La ricercatrice Lucrezia Cilenti e il suo team lo hanno monitorato nell'ambito del progetto Catch Up Fish, finanziato dalla Regione Puglia. Hanno cercato gli indicatori della fase pre-muta, per immettere sul mercato un prodotto più pregiato: la moleca.

Il test in cucina è stato affidato allo chef Nazario Biscotti (Le Antiche Sere). L’esperimento è riuscito. In quegli stessi anni, anche altri chef della zona, come Cesare Di Nauta in quel di Marina di Lesina (Acapulco 2), introducevano il granchio blu nei loro piatti. E succedeva anche nei ristorantini sul mare della Montagna del Sole, a Peschici per esempio, e anche in questo caso lo diciamo con cognizione di causa.  

E non era una moda, ma un’esigenza. “Noi siamo arrivati prima perché, già in tempi non sospetti, abbiamo avvertito un’esigenza, per provare a tamponare l’emergenza. All’arrivo di quello che noi chiamiamo l’alieno, insieme al Cnr abbiamo pensato di debellarlo in un’unica maniera, che era quello di mangiarlo, anche perché, oggettivamente, è buono – spiega Vincenzo D’Apote - Chi già preparava la pasta col granchio, ha introdotto il granchio blu. Io l’ho messo sulla pizza, proprio perché c’era questa urgenza. Voleva essere un segnale, un esempio, per dire ‘mangiamolo’. Non era dettato dal fatto che il mondo ne parla. Ma, allora, nessuno ci ha preso in considerazione”.

Da queste parti, pensano che l’allarme, lanciato dai laghi di Lesina e Varano, sia stato sottovalutato. “È diventato un fenomeno nazionale solo quanto ha colpito anche il Delta del Po, l’Emilia-Romagna, il Veneto. Qui non abbiamo ricevuto alcun sostegno economico, perché è stato preso sottogamba.
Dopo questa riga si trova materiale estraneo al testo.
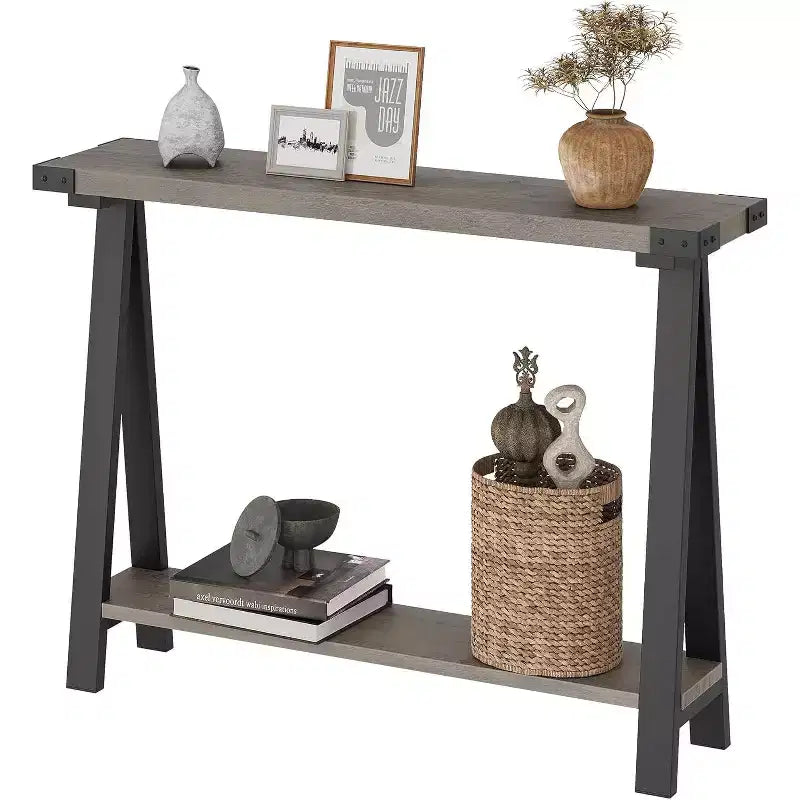 Console avec étagères ouvertes et pieds en R pour entrée, couloir ou salon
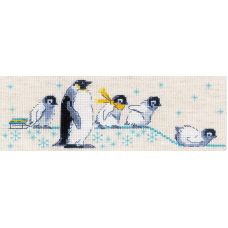 Набор для вышивания крестом Пингвинчики , 24x8, Риолис, Сотвори сама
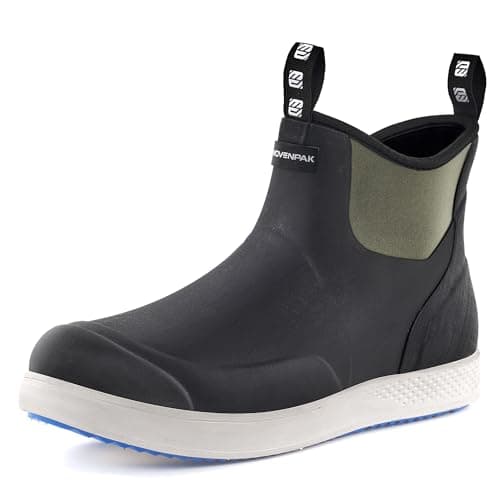 WOVENPAK Deck Boots for Men, Rain Boots Men, Waterproof Fishing Boot, Mens Deck Boots, Anti-slip Rubber Work Ankle Rain Boot Shoes for Outdoor Fishing, Boating, Size 11 - Image 1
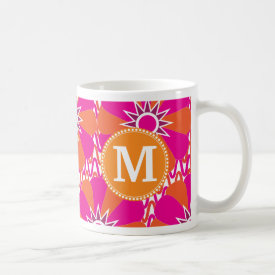 Personalized Mongram Pink Orange Floral Pattern Mugs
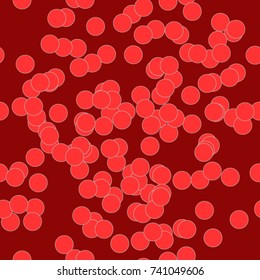 Seamless texture. Red circles on a red background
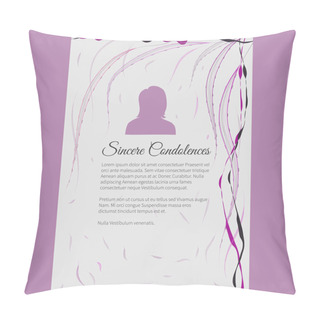 Personality  Sincere Condolences Vector Lettering In Abstract Style, Place For Text And Photo Pillow Covers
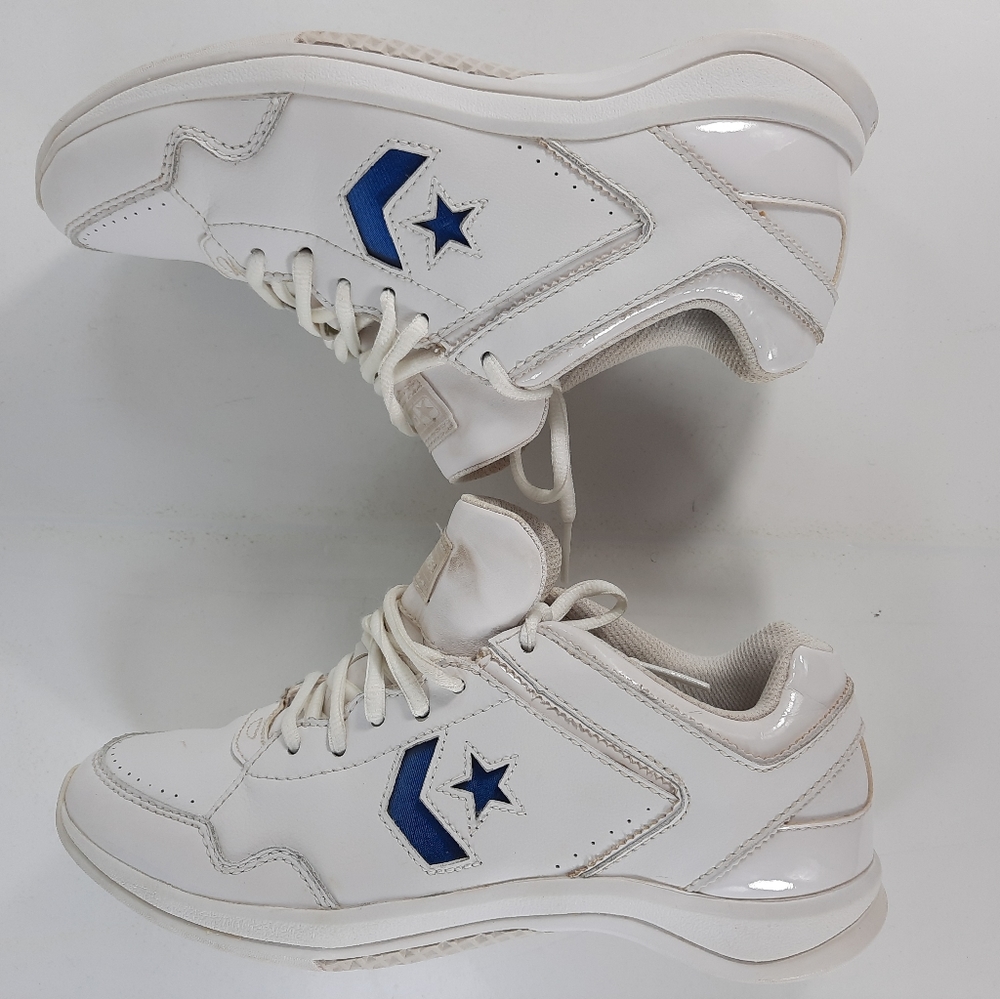 CONVERSE Womens 8.5 Pro White Leather Blue Logo - Picture 9 of 13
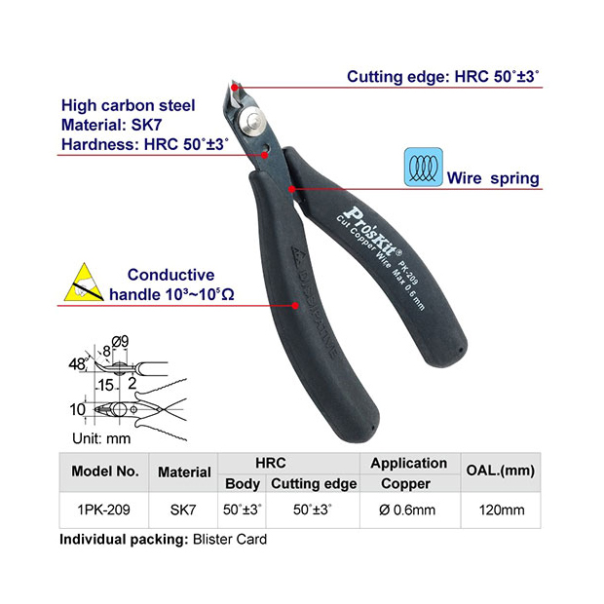 Klesta secice ProsKit PK-209 120mm - 119652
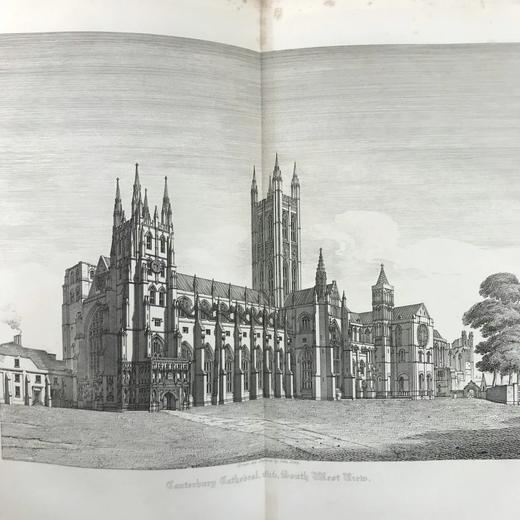 39*27cm！1846年 英国威尔士国教建筑图史（全8卷） 约240幅原品版画（含大量对开插图） 真皮精装 商品图9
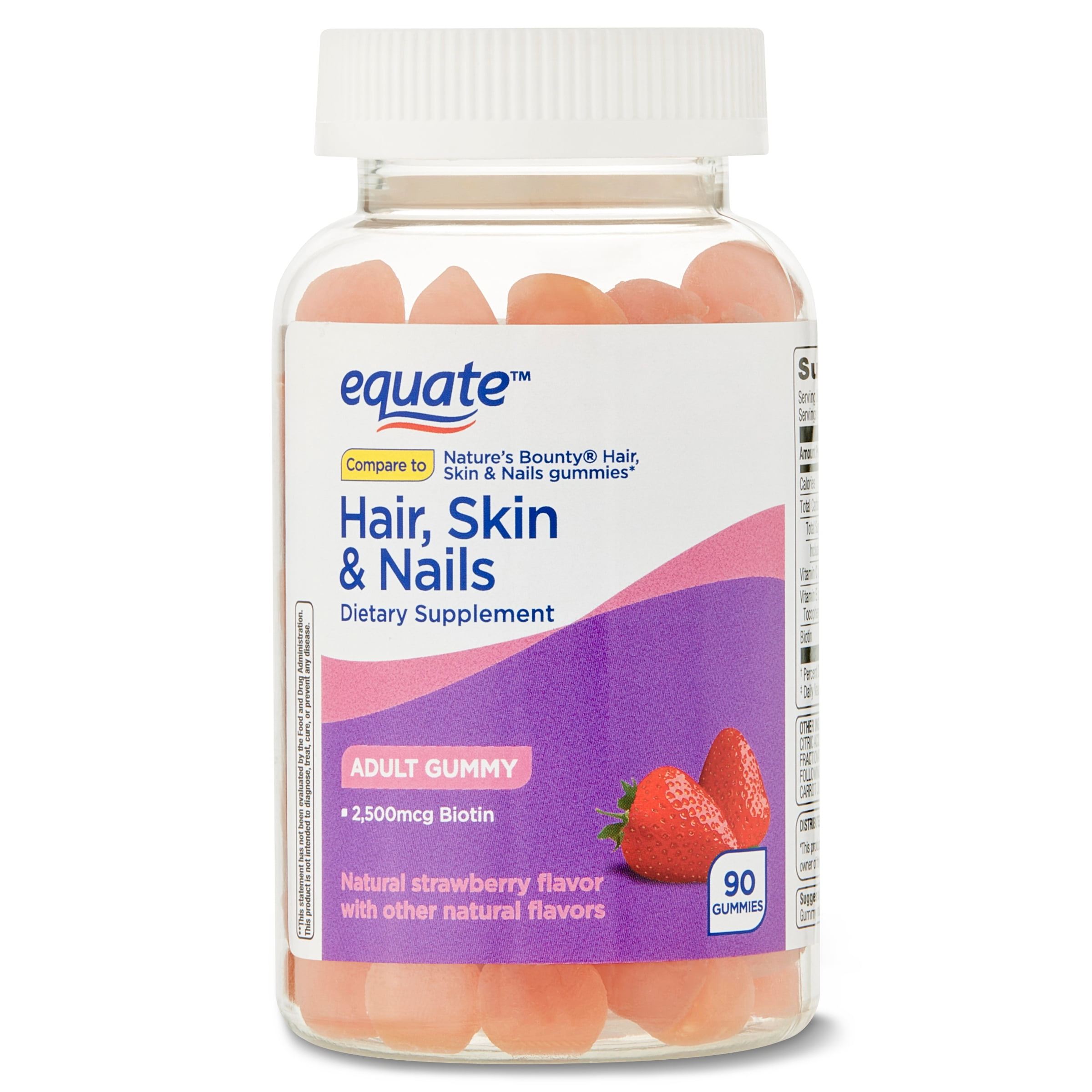 Equate Hair, Skin, and Nails Adult Gummies, 90 count 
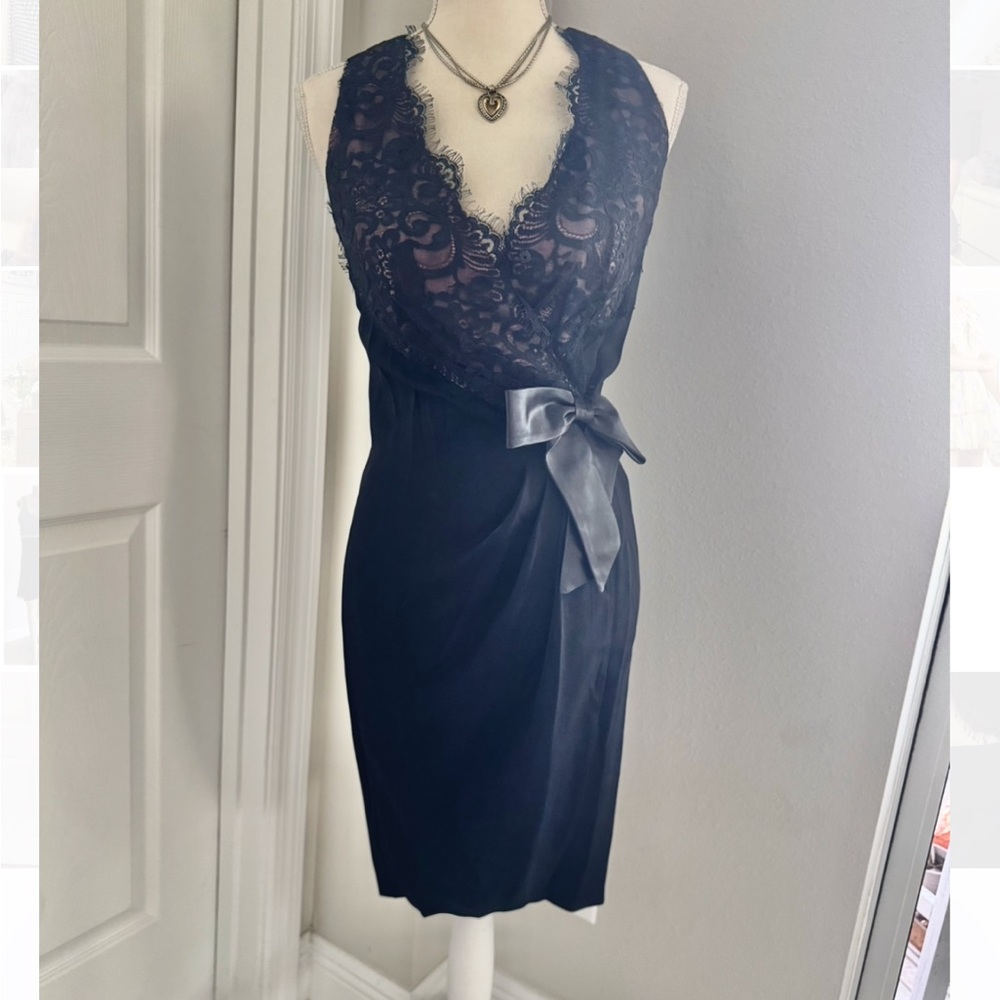 BB Collections Elegant Black Lace Dress with Satin Bow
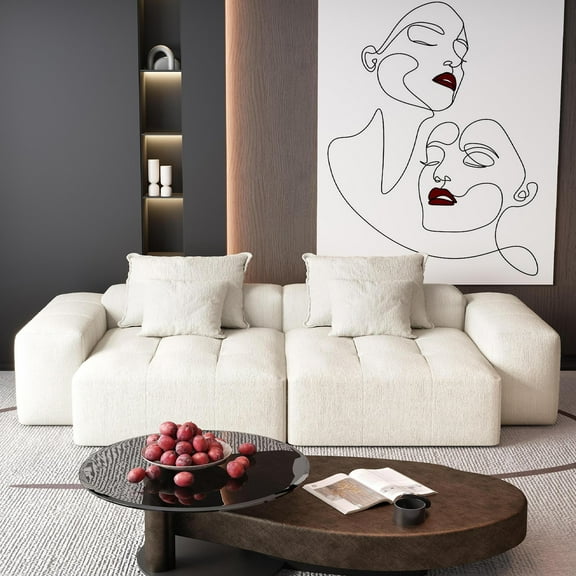 Modern Oversized Modular Sectional Sofa with 2 Chaise Lounges and 2 Armrests, 4-Piece Tufted DIY Combination Couch with Sparkling Chenille Upholstery and 4 Pillows, No Assembly Required, Beige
Solo adesso che ha colpito il Nord Adriatico qualcosa si è mosso”.

Morale della favola, ben venga che un pizzaiolo star, Ambasciatore della Pizza Italiana nel mondo, dia una mano per provare a risolvere “un problema che esiste già da tempo”: “Sforna migliaia di pizze al giorno, e se lo fanno altri 100 pizzaioli di Napoli e non, che come lui, magari, hanno lo stesso seguito mediatico, non dico che questa 'piaga' si debella, però, quantomeno, diamo un forte messaggio di cambiamento del concetto stesso di ristorazione, utile anche a risolvere problemi sociali. Altrimenti - conclude D'Apote -, sarà solo marketing”.